DATASET EXTRACT:
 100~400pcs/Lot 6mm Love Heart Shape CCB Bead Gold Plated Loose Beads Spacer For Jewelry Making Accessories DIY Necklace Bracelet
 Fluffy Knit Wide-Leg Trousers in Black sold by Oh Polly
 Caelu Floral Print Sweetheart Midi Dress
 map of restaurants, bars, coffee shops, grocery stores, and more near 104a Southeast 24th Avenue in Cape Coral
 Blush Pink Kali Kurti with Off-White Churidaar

==

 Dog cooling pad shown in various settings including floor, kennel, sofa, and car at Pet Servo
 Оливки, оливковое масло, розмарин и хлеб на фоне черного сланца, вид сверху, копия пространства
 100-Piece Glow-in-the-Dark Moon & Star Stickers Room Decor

==

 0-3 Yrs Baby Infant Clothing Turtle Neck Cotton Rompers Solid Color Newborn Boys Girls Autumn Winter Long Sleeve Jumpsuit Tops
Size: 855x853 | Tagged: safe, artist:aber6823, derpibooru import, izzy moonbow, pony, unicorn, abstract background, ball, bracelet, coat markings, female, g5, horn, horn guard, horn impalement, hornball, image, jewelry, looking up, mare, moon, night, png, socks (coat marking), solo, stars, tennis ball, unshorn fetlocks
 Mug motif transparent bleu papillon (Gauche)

WHAT YOU ARE ASKED TO DO: Your task is to restate, word for word, only those lines above that fall between the line holding "Fluffy Knit Wide-Leg" and the line holding "Blush Pink Kali", inclusive.

SOLUTION TO THIS TASK:
 Fluffy Knit Wide-Leg Trousers in Black sold by Oh Polly
 Caelu Floral Print Sweetheart Midi Dress
 map of restaurants, bars, coffee shops, grocery stores, and more near 104a Southeast 24th Avenue in Cape Coral
 Blush Pink Kali Kurti with Off-White Churidaar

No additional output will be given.